Session Information
Session Type: Abstract Session
Session Time: 3:00PM-4:30PM
Background/Purpose: Patients with Autoimmune Rheumatic Diseases (AIRDs) are at higher risk of severe COVID-19 outcomes, with greater risk among those with multiple comorbidities, using specific medications (rituximab), or with active disease. However, little is known about prevalence of or factors associated with Long COVID among patients with AIRDs.

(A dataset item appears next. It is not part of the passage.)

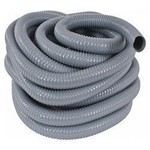 Plastiflex Central Vacuum 2-Inch Flex Pipe - Box of 50-Feet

Methods: This retrospective cohort study used electronic health record (EHR) data from the National COVID Cohort Collaborative (N3C) to study the association between AIRD and Long COVID among patients with first incident COVID-19 infection between October 2021 and March 2023 with follow-up through March 2024. We defined the primary outcome of developing Long COVID with ICD-10 code U09.9 or a Long COVID clinic visit documented from day 30 to day 365 after index COVID-19 infection.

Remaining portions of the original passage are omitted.